TapNet: Neural Network Augmented with Task-Adaptive Projection for Few-Shot Learning
Sung Whan Yoon, Jun Seo, Jaekyun Moon

TL;DR
TapNet introduces a neural network framework with task-adaptive projections and meta-learning, significantly improving few-shot learning performance across multiple datasets by dynamically conditioning features per task.
Contribution
The paper presents TapNet, a novel neural network architecture that incorporates task-specific feature projections and meta-learning for enhanced few-shot classification.
Findings
Achieves state-of-the-art accuracy on Omniglot, miniImageNet, and tieredImageNet.
Demonstrates effective generalization across diverse few-shot scenarios.

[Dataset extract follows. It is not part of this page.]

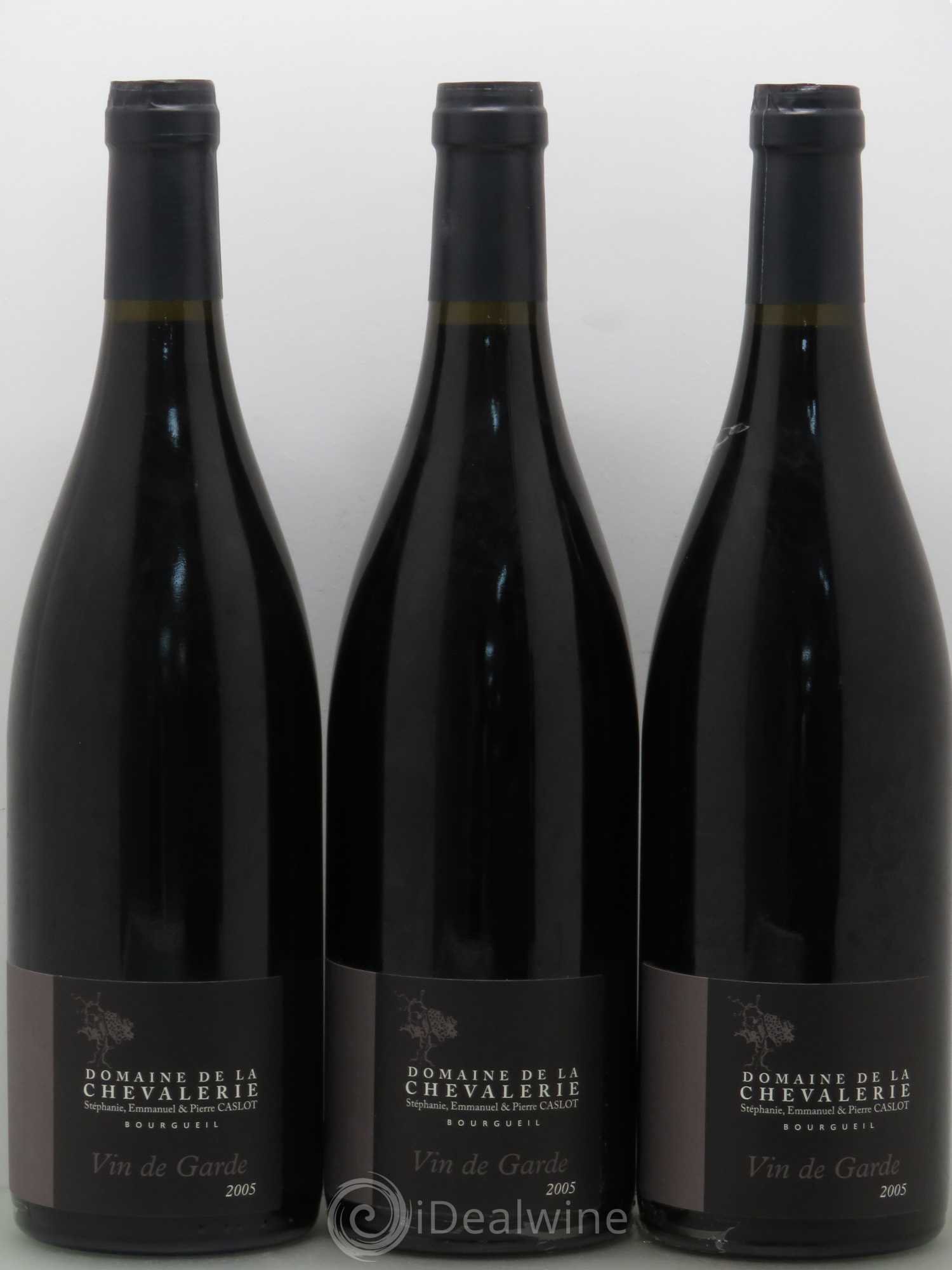 Bourgueil Vin de Garde Pierre Caslot La Chevalerie 2005 - Posten von 3 Flaschen - 0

Utilizes a task-adaptive projection mechanism for rapid adaptation to new tasks.
Abstract
Handling previously unseen tasks after given only a few training examples continues to be a tough challenge in machine learning. We propose TapNets, neural networks augmented with task-adaptive projection for improved few-shot learning. Here, employing a meta-learning strategy with episode-based training, a network and a set of per-class reference vectors are learned across widely varying tasks. At the same time, for every episode, features in the embedding space are linearly projected into a new space as a form of quick task-specific conditioning. The training loss is obtained based on a distance metric between the query and the reference vectors in the projection space. Excellent generalization results in this way. When tested on the Omniglot, miniImageNet and tieredImageNet datasets, we obtain state of the art classification accuracies under various few-shot scenarios.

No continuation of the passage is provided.